N. American war on terror seen as threat to privacy

Shawn McCarthy
PARLIAMENTARY BUREAU CHIEF


OTTAWA -- The North American war on terrorism is seriously undermining
Canadians' privacy rights, threatening to produce an Orwellian world where
government monitors our daily lives, federal Privacy Commissioner George
Radwanski has warned.

In his annual report tabled yesterday, Mr. Radwanski says Canadian society is at
a crossroads, with new technology and a heightened emphasis on anti-terrorist
security combining to erode basic rights.

"Privacy is threatened as it's never been before," the report says.

"We're all confronted now with the real possibility of having to go through life
with someone looking over our shoulder, either metaphorically or quite
literally.

"We face the real and imminent prospect of having to live our lives weighing
every action, every purchase, every statement, every human contact, wondering
who might find out about it, judge it, misconstrue it or somehow use it to our
detriment."

He said terrorists who attacked the United States will have achieved a major
victory if governments sacrifice basic rights to collective security.

"That's not freedom," he wrote. "That, on the contrary, is a distinguishing
characteristic of totalitarian societies."

The privacy commissioner -- in his first report after being appointed by Prime
Minister Jean Chretien -- says Canadians' are far too cavalier about their
privacy rights and rarely raise a fuss until their own lives have been invaded.

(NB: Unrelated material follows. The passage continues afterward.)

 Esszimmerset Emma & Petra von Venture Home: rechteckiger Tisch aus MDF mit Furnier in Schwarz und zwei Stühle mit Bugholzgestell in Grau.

He says new technology already posed a threat to individual privacy before the
Sept, 11 terrorist attacks, but that such pressures are even more acute in the
aftermath.

In response to the terror attacks, federal legislation has increased the ability
of police and intelligence agents to conduct surveillance on Canadians; airlines
are being required to hand over passenger information to the government, and new
border controls are being considered that include biometric recognition
technology and identity cards.

In an interview, Mr. Radwanski said he accepts that the heightened concern over
security will result in a diminishing of Canadians' privacy rights in specific
cases. But he said government should apply strict tests before it infringes on
basic rights.

The intrusive measures should be demonstrably required to protect society, and
not merely to reassure nervous citizens. They should be proportional to the
threat and it should be clear that no less-intrusive means would achieve the
same aims.

Despite the dire tone of the report, the Privacy Commissioner did claim some
victories in his battle to protect privacy rights. He noted that the government
amended its anti-terror legislation this fall to reflect his recommendations.

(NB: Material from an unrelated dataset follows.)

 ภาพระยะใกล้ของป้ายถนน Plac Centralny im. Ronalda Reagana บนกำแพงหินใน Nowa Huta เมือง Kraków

Mr. Radwanski also complained about police videotaping on public streets to
deter crime, calling it an egregious assault on privacy rights. The RCMP
installed a video camera on a Kelowna, B.C., street after complaints from
downtown merchants.

The privacy commissioner asked RCMP Commissioner Giulliano Zaccardelli to order
it removed, but the RCMP commissioner refused, saying the camera is making
Kelowna a safer place to live.

Mr. Radwanski has asked members of Parliament and senators to press the police
commissioner to change that decision.